Types of Data and Statistical Displays

Key Terms

Categorical data: Data that represents named categories or groups; cannot be measured numerically (e.g. colour, brand, gender).
Numerical data: Data with number values; discrete (countable whole numbers) or continuous (measured on a scale).
Frequency table: A table showing how often each value or category occurs in a dataset.
Histogram: A graph for continuous numerical data; bars are adjacent (no gaps); x-axis shows class intervals, y-axis shows frequency.
Stem-and-leaf plot: Splits each data value into a stem (leading digit(s)) and leaf (last digit); retains the actual data values.
Back-to-back stem-and-leaf: Compares two data sets side by side sharing the same stems; leaves go left and right.

Classifying Data

Every piece of data we collect belongs to a specific type. Choosing the correct type determines which displays and statistics are appropriate.

Category	Type	Description	Examples	Best Display
Categorical	Nominal	Named groups — no natural order	Eye colour, blood type, suburb	Bar chart, pie chart
Categorical	Ordinal	Named groups — natural order exists	Satisfaction (1–5), grade (A/B/C), size (S/M/L)	Bar chart, ordered frequency table
Numerical	Discrete	Counted — only specific values possible	Number of children, goals scored, shoe size	Dot plot, stem-and-leaf, bar chart
Numerical	Continuous	Measured — any value in a range	Height, temperature, time, mass	Histogram, stem-and-leaf

Statistical Displays

Common displays used in General Maths:

Dot plot — best for small datasets; shows every individual value; reveals clusters, gaps and outliers
Stem-and-leaf plot — shows shape and retains individual values; stems are tens, leaves are units
Bar chart — for categorical data; bars are separated by gaps
Histogram — for continuous data grouped into class intervals; bars touch (no gaps)
Frequency table — organises data into classes; can calculate totals and percentages

SVG 1 — Dot Plot: {2, 3, 3, 4, 4, 4, 5, 5, 6, 7}

SVG 2 — Histogram: Class intervals vs Frequency

Note: bars in a histogram touch — no gaps between them.

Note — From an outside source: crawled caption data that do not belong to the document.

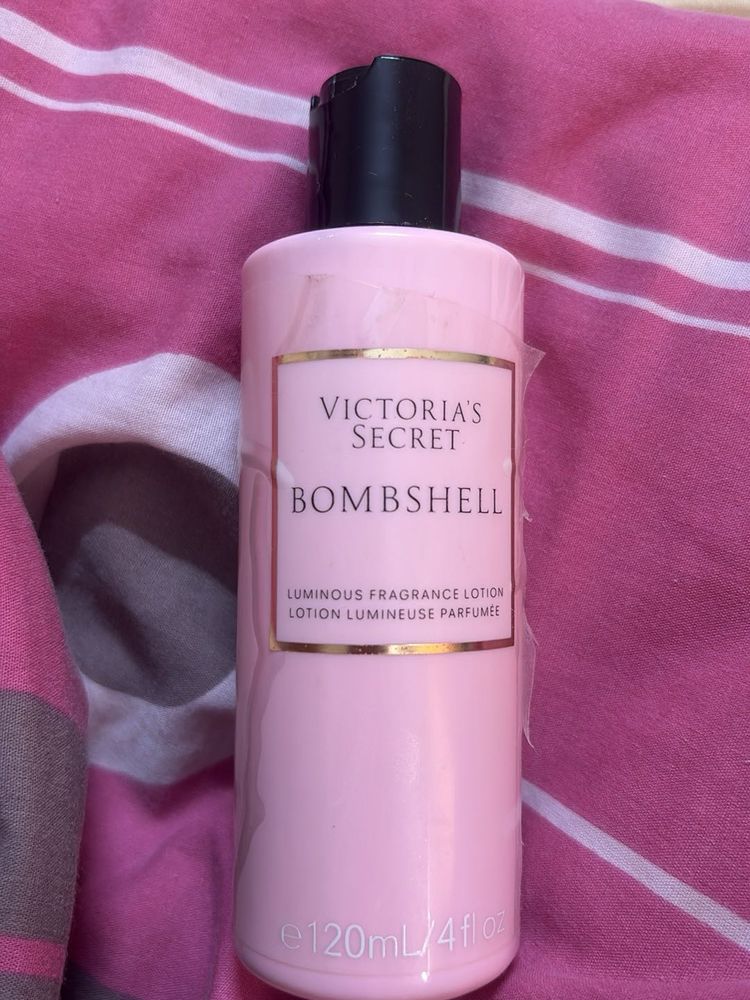 Victoria's Secret Bombshell Luminous Lotion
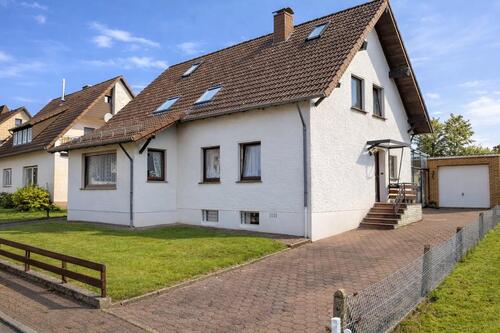 Foto - Großzügiges Zweifamilienhaus in Barntrup mit 604 m2 Bauland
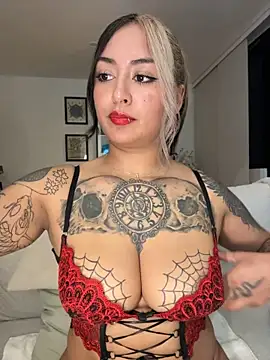 Rae_Lil_White élő XXX-chatje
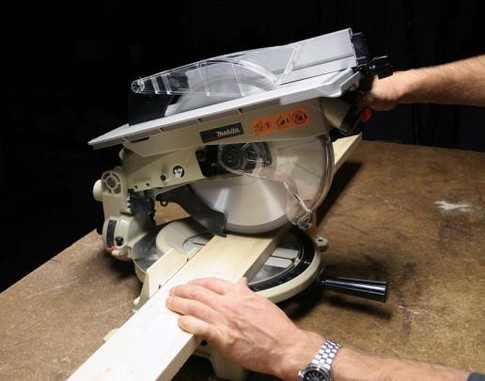 Торцювальна пилка комбінована Makita LH1040 фото 3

Worked Example 1 — Classifying Variables

Classify each variable as nominal, ordinal, discrete or continuous:

Variable	Type	Reason
Favourite sport	Nominal	Categories with no natural order
Movie rating (1–5 stars)	Ordinal	Ordered categories; cannot add or subtract ratings meaningfully
Number of siblings	Discrete	Counted; only whole number values possible
Weight of a parcel	Continuous	Measured; can take any value in a range
Postcode	Nominal	Labels only — arithmetic on postcodes is meaningless
Length of a fish	Continuous	Measured; infinite possible values in any interval

Worked Example 2 — Frequency Table and Distribution Shape

The ages of 34 party guests were recorded. Frequency table:

Age group	Frequency	Relative frequency
10–14	3	3/34 ≈ 8.8%
15–19	7	7/34 ≈ 20.6%
20–24	12	12/34 ≈ 35.3%
25–29	8	8/34 ≈ 23.5%
30–34	4	4/34 ≈ 11.8%
Total	34	100%

Distribution shape: The frequencies rise from the 10–14 group, peak at 20–24, then fall. This is approximately symmetric (mound-shaped/bell-shaped), with the peak in the middle class.

If most values were in the lower age groups and a few in the higher groups, we would say the distribution is positively skewed (tail to the right).

Hot Tip: For a histogram, the x-axis shows class intervals (continuous ranges), and bars must touch — no gaps. A bar chart for categorical data has gaps between bars. Mixing these up is one of the most common errors in Statistics. Ask yourself: “Is the data a measurement or a category?”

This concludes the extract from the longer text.